Ella is actually small but loves it when I take photos giving the illusion she is the height of a barn.
Last year, Ella did not even have a barn to call home. She escaped from a dairy farm, no longer interested in being milked or bred or losing her babies to auction.
The farm could not catch her, because Ella is wily and smart. She evaded capture and soon the farm gave up. Animal control tried to catch her and they too failed.
A woman noticed the lone goat and started the long process of befriending her. She bought hay and grain. She opened up a small barn for the goat to nestle down in at night, if she so desired. At no point did she ever push Ella.

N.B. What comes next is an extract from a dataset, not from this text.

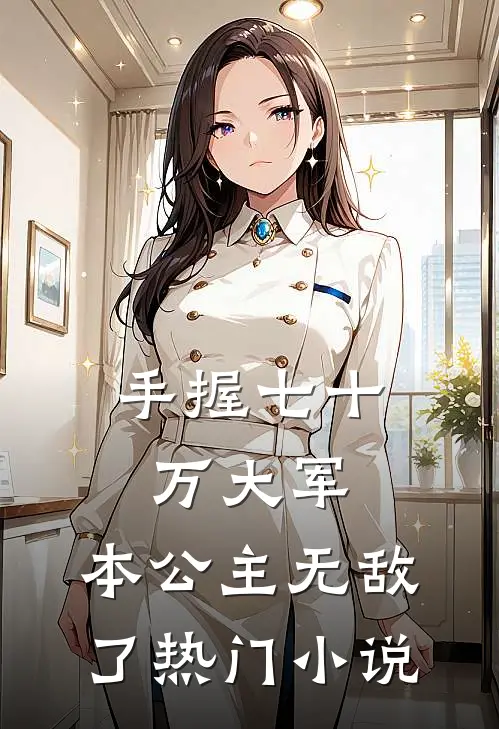 手握七十万大军，本公主无敌了热门小说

But Ella needed a family, a herd. Other neighbors were not so kind, not interested in a goat running through their unfenced yards. Some were letting their dogs chase the little white goat. And others threatened to shoot her.
The woman needed to act fast. She called us and we drove out trailer out that day. A lone goat very quickly can become a dead goat. We thought it would take days to catch her. She would not come near us, and the sound of the trailer and truck frightened her.
We asked the woman to try. We hid, out of sight. It took her fifteen minutes to get Ella into the back of that trailer. Fifteen minutes. That doesn't encapsulate all of what it took to save Ella - it took an immense amount of patience and kindness too.
Now Ella is with a herd of rescued goats. She will live out her life at the sanctuary.
And she loves being taller than a barn!